> _Work instructions_
Print the records below exactly, from the line containing "Thank you for visiting" down to the line containing "Kitchen area. Bathroom.", both lines included, and omit every picture.

> _Task inputs_
=== Section Start ===

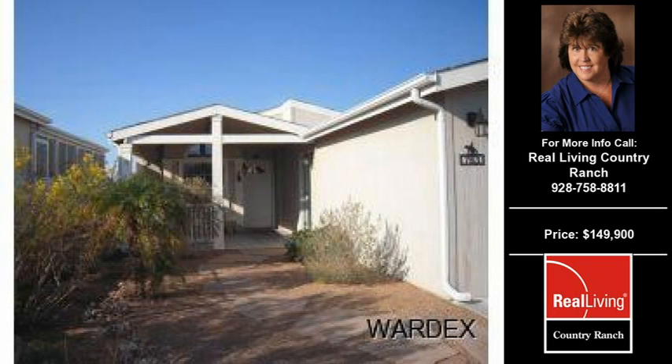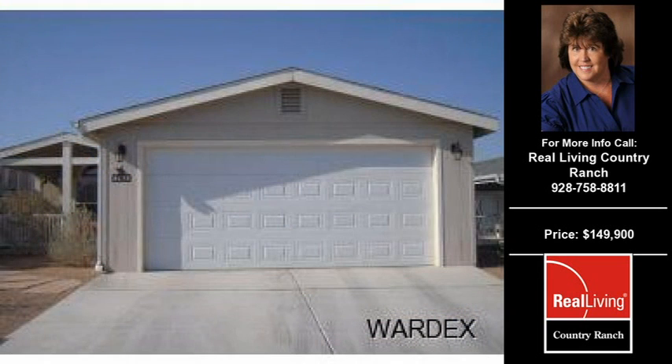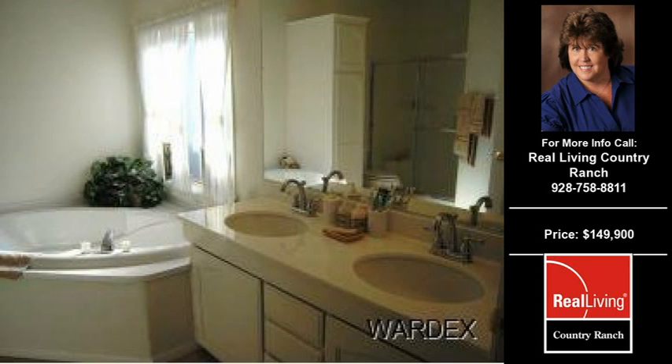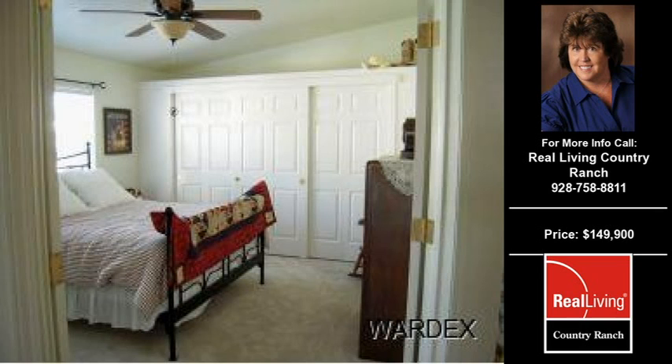Welcome to another property listing from the premier agents of Real Living Country Wrench. This three-bedroom and two-and-a-half bath home was built in 2004. This home is approximately 1,548 square feet and is situated on a 0.1-acre property. For more information on this and other residential properties for sale in this area,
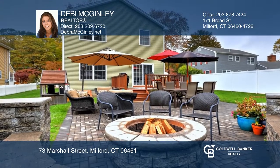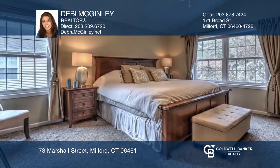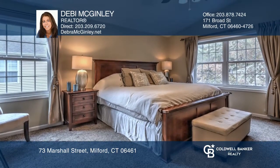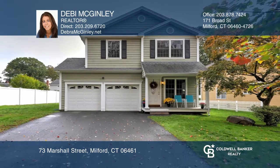From the cathedral ceiling master bedroom with full bath and jacuzzi to the recently finished lower level, this home will impress. Don't miss out on this unique opportunity. Call Debbie McGinley.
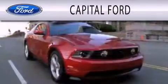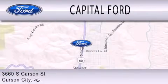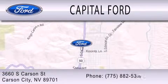Capital Ford is dedicated to doing everything possible to ensure that the experience you have selecting your next vehicle is as pleasant as possible. We are located at 3660 South Carson Street in Carson.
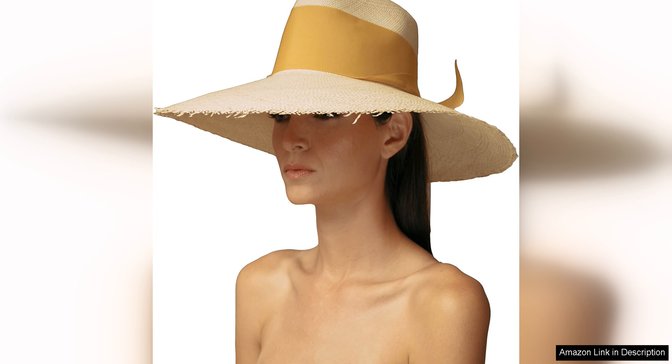Overall, I highly recommend the Sensi Studio Extra Long Brim Frayed Cordovan hat with adjustable ribbon to anyone looking for a stylish and versatile accessory that can take them from the beach to the city with ease. It is a timeless piece that exudes elegance and sophistication, making it a valuable addition to any wardrobe. Trust me, you won't regret investing in this beautiful hat. I'll see you next time.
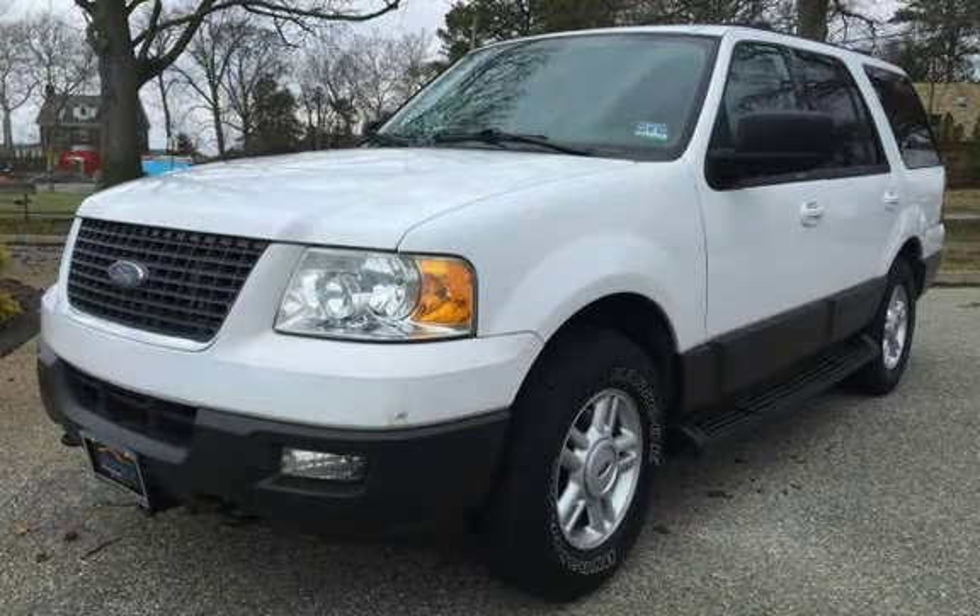Thank you for visiting Michael's Motor Cars. Since 1996, we have been the Jersey Shore's premier dealership, specializing in quality automobiles at great prices. Guaranteed financing available — stop in for a test drive today or call 732-775-4444.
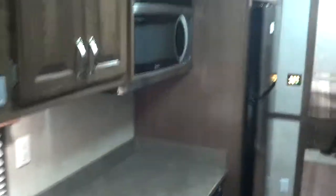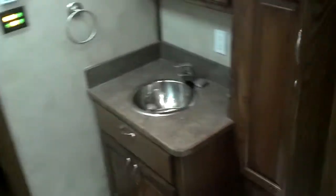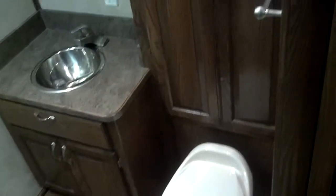Kitchen area. Bathroom. It's got a full shower.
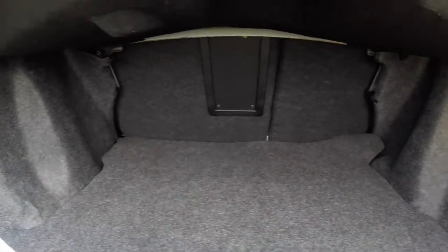Take a look at the spacious trunk. The seats do fold back in a 60-40 split.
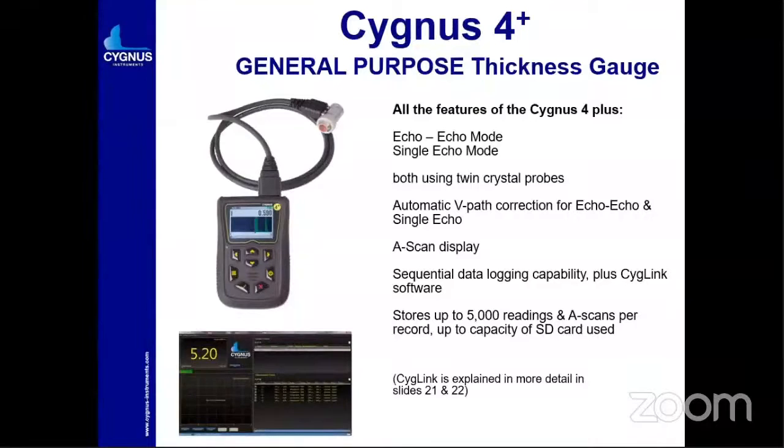Another model is Cygnus 4+, also a general purpose thickness gauge. It can be utilized in both single echo and echo-to-echo modes, both using single crystal probes. You can use both probe types in this gauge. Another feature is that you can store data up to 5,000 readings, with scan records on an SD card. You can increase the capacity by inserting a bigger card with larger memory. The software allows you to check readings — whatever A-scan or B-scan data you have taken — and transfer it to PC to make reports.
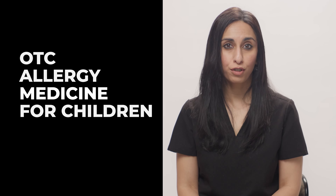Over-the-counter allergy medicine for children. It is pollen season and my child is miserable — what do I do? Hi, I'm Dr. Mansi Kotwal, board-certified pediatrician and medical advisor with FemHealth, and we are going to talk about over-the-counter allergy medications.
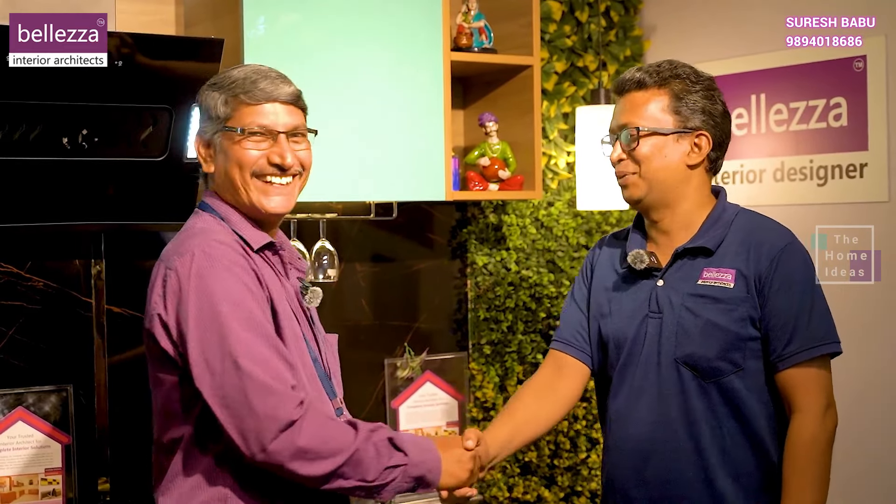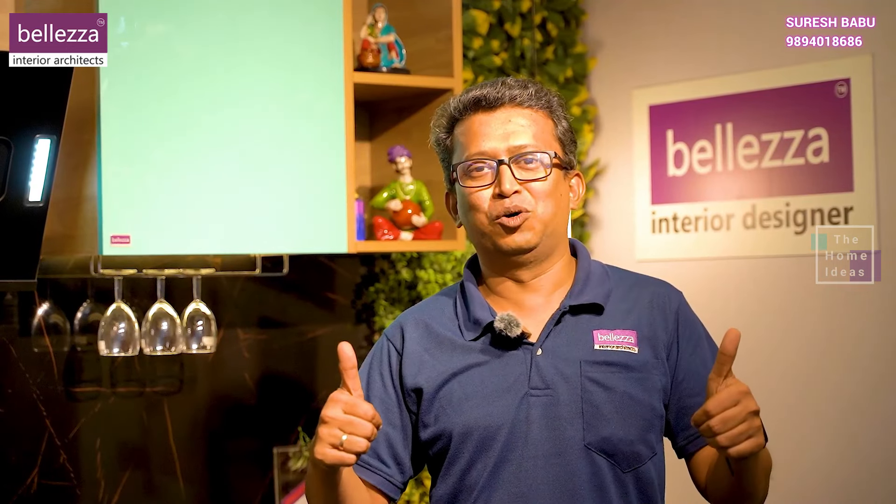Okay, sir. Thank you, sir. Nice to meet you. Have a great day. Thank you. Thanks to Home Ideas.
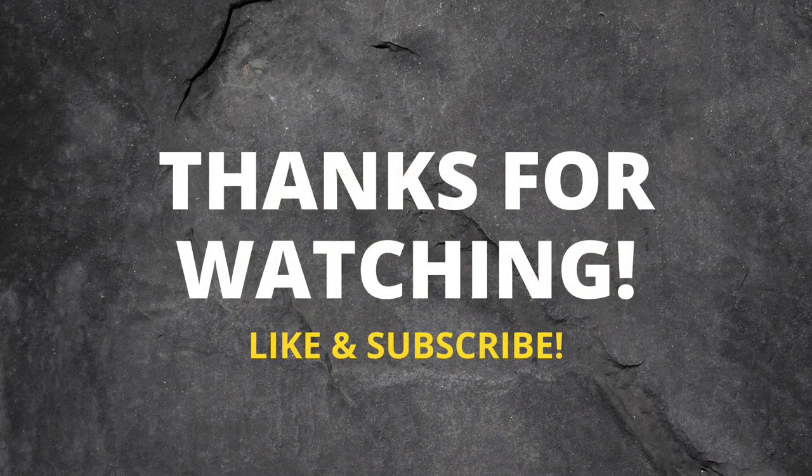Alright guys, that's the end of the video. Thank you for watching, I really appreciate it. What watches did I miss? Leave a comment down below, consider leaving a like and subscribing to my channel, and follow me on Instagram. This is Michael — see you next time!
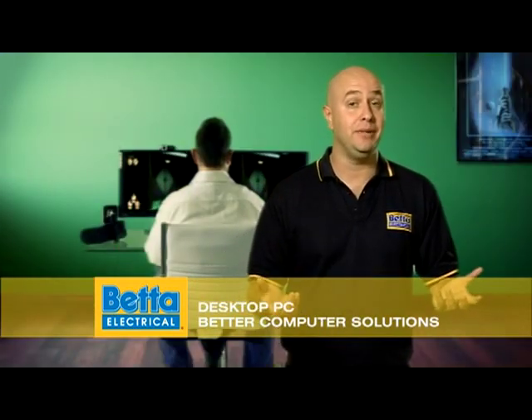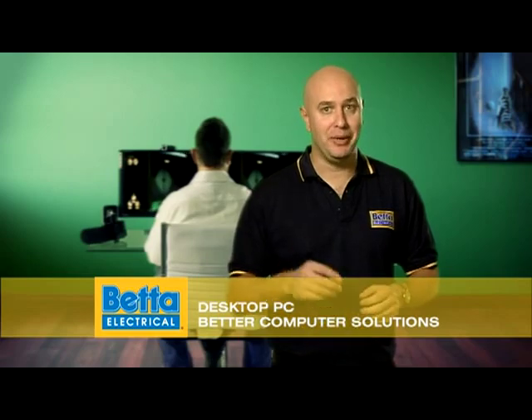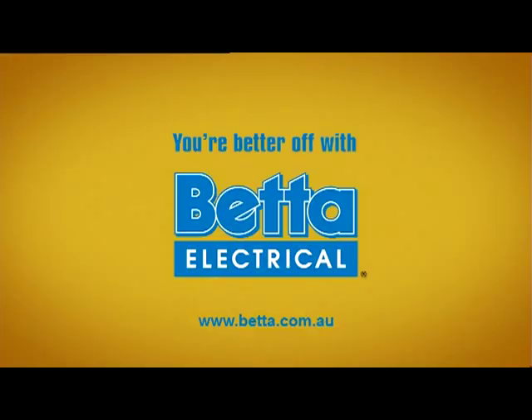And for the complete work and play flexibility, desktops are the answer. So for better computing solutions, you're better off with Better. Better Electrical.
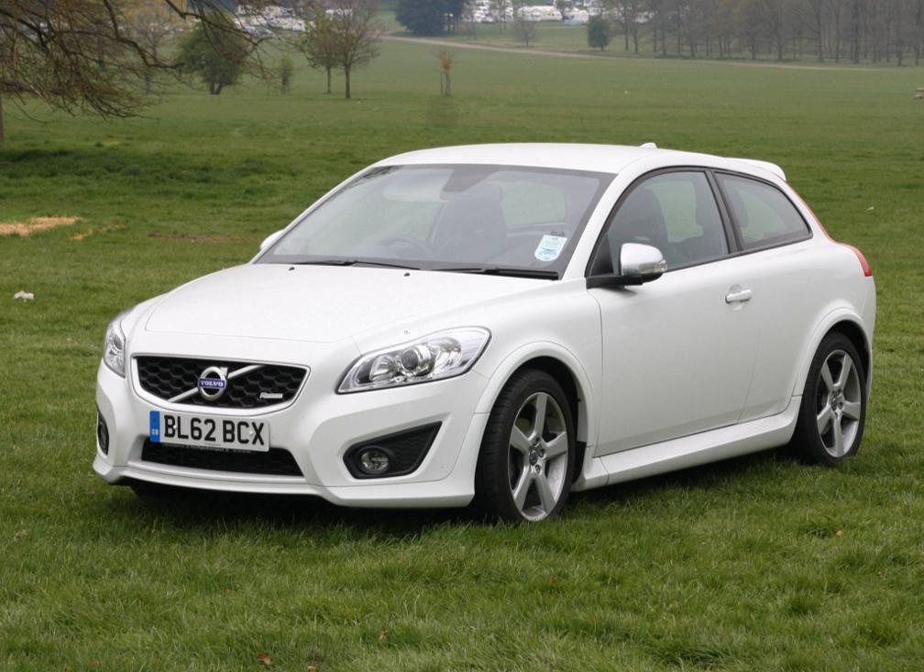The Volvo C30 is a three-door, front-engine, front-wheel-drive premium compact hatchback, manufactured and marketed by Volvo Cars for model years 2006–2013 in a single generation. Powered by inline-four and straight-five engines, the C30 is a variant of the Volvo S40, V50, C70 range, sharing the same Ford C1/Volvo P1 platform. Volvo marketed the C30 as a premium hatchback sports coupe.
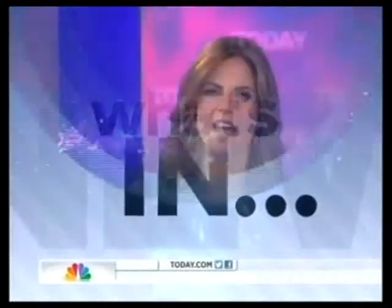So what's in and trending when it comes to fashion? Rebecca George is a style correspondent at DailyCandy.com. Good morning.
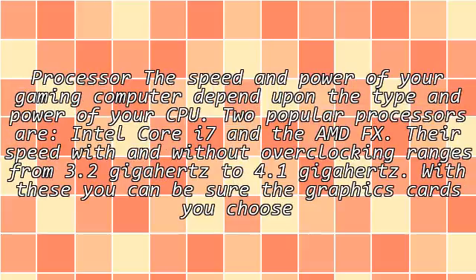Processor. The speed and power of your gaming computer depend upon the type and power of your CPU. Two popular processors are Intel Core i7 and AMD FX. Their speed, with and without overclocking, ranges from 3.2 gigahertz to 4.1 gigahertz.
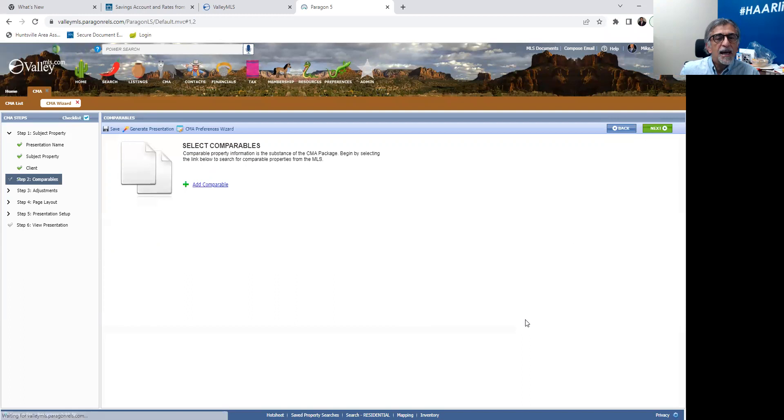Now you're going to be choosing the comparables. This is the hardest part of a CMA — and if it was easy, you would have even more people selling real estate. I'm always going to defer to your broker. Check with a broker, a mentor, a sales manager, whoever you might have access to, and find out how they choose their criteria. I'm going to give certain criteria that I would use, and you may use it — if not, check with your broker.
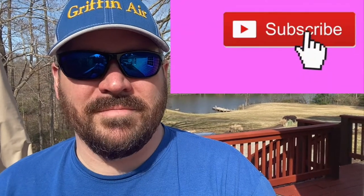Hey guys, before we get to the video, for more tips and tricks in the heating and air industry, please click that subscribe button. Thank you.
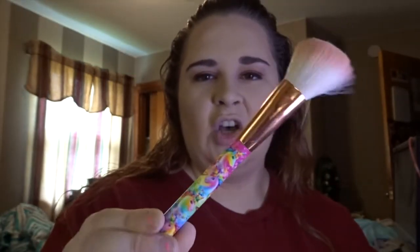For highlighter I use the NYX Butt Naked Underneath It All palette with this cute little unicorn Lisa Frank brush, using the top shade and sweeping it along my cheekbone. But that's not all, because I love a good highlight — I also use the Becca highlighter in Opal right on the high points of my cheeks and the tip of my nose.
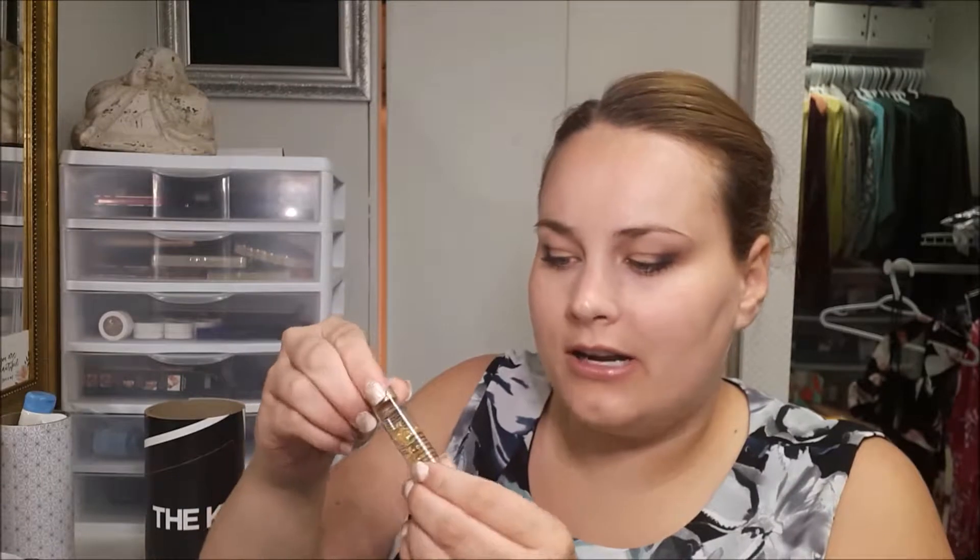I also did get Elizabeth Arden eye cream, which is really nice because it comes in little capsules. Sometimes I think of Elizabeth Arden and Estee Lauder as kind of old-lady department store brands like Clinique, but they do have really great skincare and they've been around for a while — so they're trusted brands. Don't think of them just as your mom's products. They're also great because they'll have gift with purchase deals, which is a really good time to buy.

=== Section End ===

> _Task output_
Thank you for visiting Michael's Motor Cars. Since 1996, we have been the Jersey Shore's premier dealership, specializing in quality automobiles at great prices. Guaranteed financing available — stop in for a test drive today or call 732-775-4444.
Kitchen area. Bathroom. It's got a full shower.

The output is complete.